Milk prices at 1995 levels, claim farmers
The Irish Farmers Association (IFA) has claimed that recent cuts to milk prices mean they are now at ‘1995 levels’ and that dairy processors have some serious questions to answer.
Farming organisations have reacted angrily to the cut in March milk prices by both Glanbia and Lakeland Dairies last Friday.
Glanbia said it was paying 30.5c/L (VAT inc), down 1c/L, while Lakeland Dairies announced a price of 31.56c/L (VAT and lactose bonus included) for March supplies.
“Bearing in mind that many industry spokespeople predicted only a couple of months ago that 2019 milk prices would be about on par with last year’s, co-ops owe it to their suppliers to signal that this is the end of milk price cuts for 2019. Farmers need every cent as peak approaches to clear their massively increased 2018 bills,” IFA National Dairy Chairman Tom Phelan said.
“Farmers legitimately ask: when all this investment has been made on farms and in industry to generate value, when a national food sustainability strategy has been developed and farmers are delivering on it, how come we still, this month, are looking at a 1995 milk price?”
“Our industry must do better. But right now, they must clearly state to dairy farmers that they have seen the end of milk price cuts for 2019,” he said.
ICMSA’s Dairy Committee Chairperson, Gerald Quain, said that farmers were entitled to be both cynical and very angry about milk price given the decision of two of the states biggest milk processors to cut their milk price.

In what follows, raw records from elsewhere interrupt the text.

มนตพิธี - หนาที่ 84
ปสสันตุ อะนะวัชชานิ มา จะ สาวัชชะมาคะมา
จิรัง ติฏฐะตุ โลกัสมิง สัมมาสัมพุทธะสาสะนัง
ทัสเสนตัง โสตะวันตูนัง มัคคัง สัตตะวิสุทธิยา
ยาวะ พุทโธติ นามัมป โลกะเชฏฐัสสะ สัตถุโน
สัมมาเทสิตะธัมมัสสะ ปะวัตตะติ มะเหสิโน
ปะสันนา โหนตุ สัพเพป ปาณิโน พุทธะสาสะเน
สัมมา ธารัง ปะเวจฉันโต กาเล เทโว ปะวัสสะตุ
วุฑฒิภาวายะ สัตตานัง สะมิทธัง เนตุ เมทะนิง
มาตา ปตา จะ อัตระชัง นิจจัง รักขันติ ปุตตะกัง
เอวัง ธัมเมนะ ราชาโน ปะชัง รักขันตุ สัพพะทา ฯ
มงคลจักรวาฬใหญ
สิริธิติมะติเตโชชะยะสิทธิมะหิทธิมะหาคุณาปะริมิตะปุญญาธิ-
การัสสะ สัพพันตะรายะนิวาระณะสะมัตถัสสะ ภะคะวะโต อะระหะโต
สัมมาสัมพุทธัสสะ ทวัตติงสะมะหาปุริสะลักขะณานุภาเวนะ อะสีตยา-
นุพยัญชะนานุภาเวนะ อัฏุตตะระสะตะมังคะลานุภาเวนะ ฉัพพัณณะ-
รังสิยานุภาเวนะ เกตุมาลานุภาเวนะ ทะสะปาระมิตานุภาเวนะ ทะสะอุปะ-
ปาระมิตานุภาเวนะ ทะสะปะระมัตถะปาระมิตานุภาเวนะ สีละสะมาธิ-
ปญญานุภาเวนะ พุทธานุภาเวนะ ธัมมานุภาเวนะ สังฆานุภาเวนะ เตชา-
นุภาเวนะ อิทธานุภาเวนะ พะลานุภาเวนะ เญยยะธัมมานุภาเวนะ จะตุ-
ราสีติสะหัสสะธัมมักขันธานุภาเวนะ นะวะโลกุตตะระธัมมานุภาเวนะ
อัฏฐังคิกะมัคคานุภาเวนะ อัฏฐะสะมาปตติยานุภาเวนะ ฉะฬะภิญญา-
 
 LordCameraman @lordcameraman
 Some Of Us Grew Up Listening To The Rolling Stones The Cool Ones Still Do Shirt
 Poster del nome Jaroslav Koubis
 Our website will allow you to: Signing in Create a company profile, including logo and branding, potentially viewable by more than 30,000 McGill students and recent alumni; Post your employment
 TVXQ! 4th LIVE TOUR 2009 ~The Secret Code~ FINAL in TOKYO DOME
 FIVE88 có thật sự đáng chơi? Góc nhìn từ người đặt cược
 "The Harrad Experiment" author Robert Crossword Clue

“The plain fact is that Irish Co-ops have been lagging near the bottom of the European milk price table for a very considerable time and they are already underpaying on any kind of ‘like-for-like’ comparison with their European counterparts.
“So ICMSA will not accept the idea that a fall in the Ornua PPI immediately translates back into a cut in farmer price. The Co-ops will have to explain why increases in the Index rarely seem to benefit farmers immediately but falls seem to be passed back to farmer milk price instantly”, said Mr. Quain.
The move by two of the country’s largest processors comes as milk production is on target to top 8bn litres this year, with deliveries to some producers up 12-13pc in the first quarter compared to the first quarter of 2018.
Glanbia said its March price is “in line with current market returns”.
“While global milk supply growth is lower than previous years and oil prices have increased, market demand in some regions is being adversely affected by challenges that include lower economic growth, Brexit and trade wars,” Glanbia chairman Martin Keane said.